Sri Lankan Apparel Industry Trends and Analysis
What has held the Sri Lankan apparel industry back in recent years was a loss of GSP Plus status within the European Union. This status was revoked in 2010. That means all textiles, apparel, and garments exported to the EU from Sri Lanka receive full tariff rates. With the status, about 20% of exports from the industry to Europe enter the market with a zero tariff. About 70% of exports receive preferential rates.
The GSP Plus program was reinstituted by the European Union in 2017, which may place the industry on the road to recovery. Without the status, steady declines have occurred in the industry overall. In February 2017, for example, exports were down 2.7% from the year before, valued at just $868 million.

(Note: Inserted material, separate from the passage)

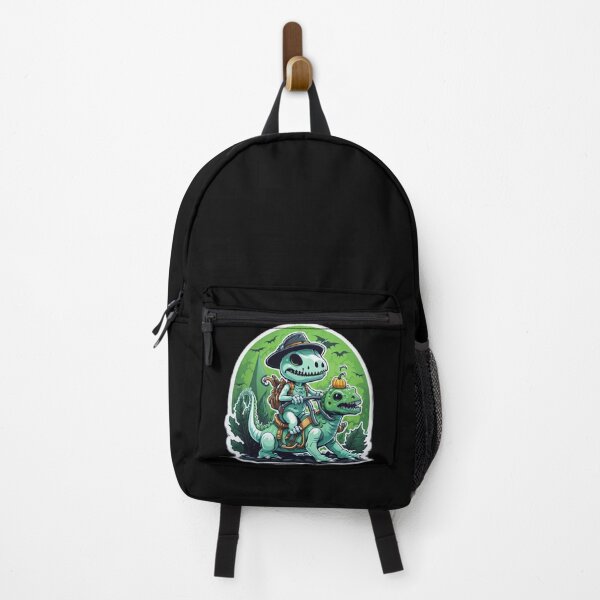 Item preview, Cute Skeleton Riding green Dinosaur designed and sold by TrendyPalette.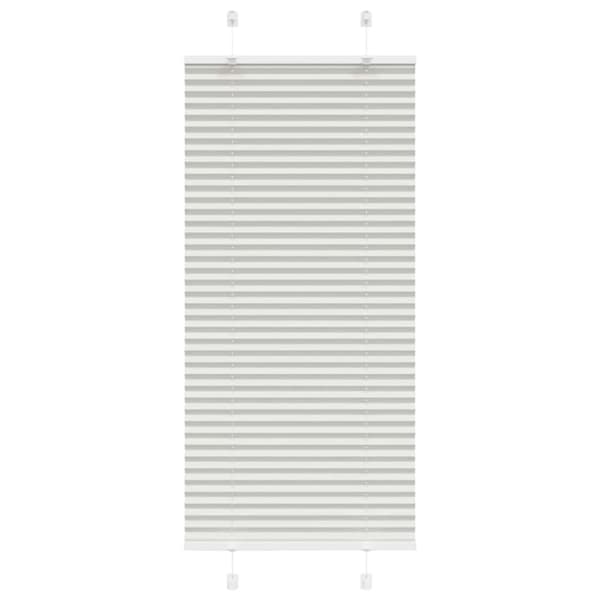 Plisserad persienn ljusgrå 55x150cm tyg bredd 54,4cm polyester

As the industry continues to grow, relationships are going to be the key to unlock a maximum level of success. Relationships with new customers will diversify the export market, which is necessary because of the dependence on U.S. imports. This emphasis will also establish long-term relationships with globally-established brands that can increase the influence of the industry as a whole.